# Mk6 Jetta Sedan - Rear Options



## 01 (Sep 9, 2009)

currently all i have seen is the bagyard option, although i dont want to spend $600 for a rear kit.. 

ive heard the fifteen52 project jetta is running some modified airlifts.. just wondering if anyone has info or other options for this car.


----------



## OVRWRKD (Jul 1, 2010)

I believe the rear opitions are the same as a mkiv, but don't quote me on that. The bagyard rears require no modification of the rear spring perches. If you use a mkiv or mkv airlift you'll have to grind the perches so the bag sits flat. I haven't been under a mkvi yet so I'm not a 100%.


----------



## 01 (Sep 9, 2009)

OVRWRKD said:


> I believe the rear opitions are the same as a mkiv, but don't quote me on that. The bagyard rears require no modification of the rear spring perches. If you use a mkiv or mkv airlift you'll have to grind the perches so the bag sits flat. I haven't been under a mkvi yet so I'm not a 100%.


 looks like a mkiv under there.. although i dont want to order those rears and have them not work. 

was hoping to see if anyone else has tried or not. 

-- 

on another note i ordered the rest of my setup, as always [email protected] :heart:


----------



## 01 (Sep 9, 2009)

ttt


----------



## 01 (Sep 9, 2009)

think im going to order the firestone AAC kit..

i think it may work, just worried it wont offer enough drop.


----------



## 01 (Sep 9, 2009)

or wait until the BYs get in.....


----------



## eurotrsh (Dec 25, 2004)

Talk to this guy 

http://forums.vwvortex.com/member.php?322205-passat_98


----------



## 01 (Sep 9, 2009)

eurotrsh said:


> Talk to this guy
> 
> http://forums.vwvortex.com/member.php?322205-passat_98


no response. 

he had d-cups to begin with, and then BYs.. and well nobody can get those anytime soon.

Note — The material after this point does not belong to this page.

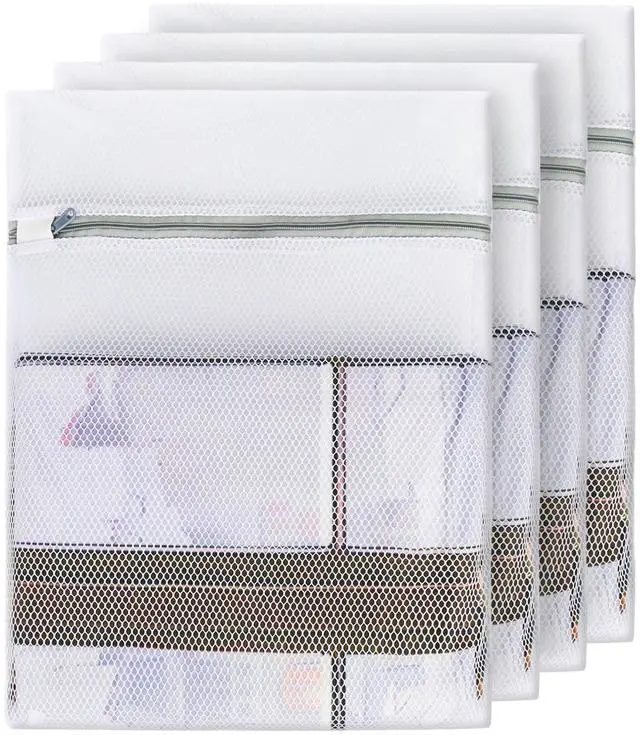 Main image of 4PCS Large Mesh Laundry Bags for Delicates - 12x16 Inch White Honeycomb Wash Bags for Lingerie, Sweaters, Shoes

i hear bagriders might have em in a month or so.


----------



## 01 (Sep 9, 2009)

Can we say bolt in mk6 rear kit?


----------



## LOW36 (Jan 18, 2008)

01 said:


> Can we say bolt in mk6 rear kit?


:heart:


----------



## 01 (Sep 9, 2009)

would go lower... but some of the bumpstop is still in, and its resting on tire/lip.


----------



## iamraymond (Jan 22, 2004)

Its like your old MK4 had a grandson, and this is the outcome. Looks very promising :beer:


----------



## 01 (Sep 9, 2009)

iamraymond said:


> Its like your old MK4 had a grandson, and this is the outcome. Looks very promising :beer:


Heh yeah. I have a thing with white.


----------



## urNOTready! (Apr 6, 2006)

01 said:


> Can we say bolt in mk6 rear kit?


18x9.5 et48? 

Thanks in advance.


----------



## 01 (Sep 9, 2009)

urNOTready! said:


> 18x9.5 et48?
> 
> Thanks in advance.


19s, but other than that.. yeah


----------



## urNOTready! (Apr 6, 2006)

01 said:


> 19s, but other than that.. yeah


Looks really good, thanks. :thumbup:


----------



## 01 (Sep 9, 2009)




----------